Product name: DELL Inspiron 5570
OS: Windows 10
System BIOS: 1.4.1

I greatly appreciate any and all help, cheers!


----------



## SpywareDr (Mar 31, 2014)

No bootable device found means the computer cannot find a drive with a bootable Operating System installed on it. And since it can't, it has no choice but to throw up and error message and stop.

Check in the BIOS to see if your hard drive/SSD is listed. If it is not listed, there is something wrong with it. If it is, make sure it is the first device in the boot up list ... before any USB or Optical drive. If it is listed first and it still won't boot from it, the Operating System is so corrupted, it is impossible for it to boot. In this case, you would need to boot from the Windows Installation Media and use it to erase what's there and reinstall Windows.


----------



## Sebbington (Jun 22, 2021)

SpywareDr said:


> No bootable device found means the computer cannot find a drive with a bootable Operating System installed on it. And since it can't, it has no choice but to throw up and error message and stop.
> 
> Check in the BIOS to see if your hard drive/SSD is listed. If it is not listed, there is something wrong with it. If it is, make sure it is the first device in the boot up list ... before any USB or Optical drive. If it is listed first and it still won't boot from it, the Operating System is so corrupted, it is impossible for it to boot. In this case, you would need to boot from the Windows Installation Media and use it to erase what's there and reinstall Windows.

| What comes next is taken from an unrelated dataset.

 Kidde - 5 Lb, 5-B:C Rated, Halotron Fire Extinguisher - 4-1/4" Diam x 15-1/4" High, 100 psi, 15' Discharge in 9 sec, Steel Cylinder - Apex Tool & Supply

 Understood, so does this mean that I have to go and create windows install media with my usb hard drive, that also has my backup data, from a couple minutes before the cloud restore? If so, may I ask why the OS is so corrupted, even after cloud restore?


----------



## SpywareDr (Mar 31, 2014)

It's be really nice if the cause of corruption was so simple. It could be numerous reasons. Malware, failing hard drive, incomplete installation, corrupted backup or downloaded backup, power being cut before the OS/Program had a chance to finalize a write, etc., etc.

As far as creating the Windows 10 Installation Media, it should be created on blank USB flash drive with at least 8GB of space or blank DVD (and DVD burner). Microsoft recommends using a blank USB or blank DVD, because any content on it will be deleted. Complete instructions are under the "Create Windows 10 installation media" on this Microsoft page: https://www.microsoft.com/en-us/software-download/windows10


----------



## Sebbington (Jun 22, 2021)

Thank you so much, I’m sure this will work. I’ll be back with an update very soon, thanks again!


----------



## SpywareDr (Mar 31, 2014)




----------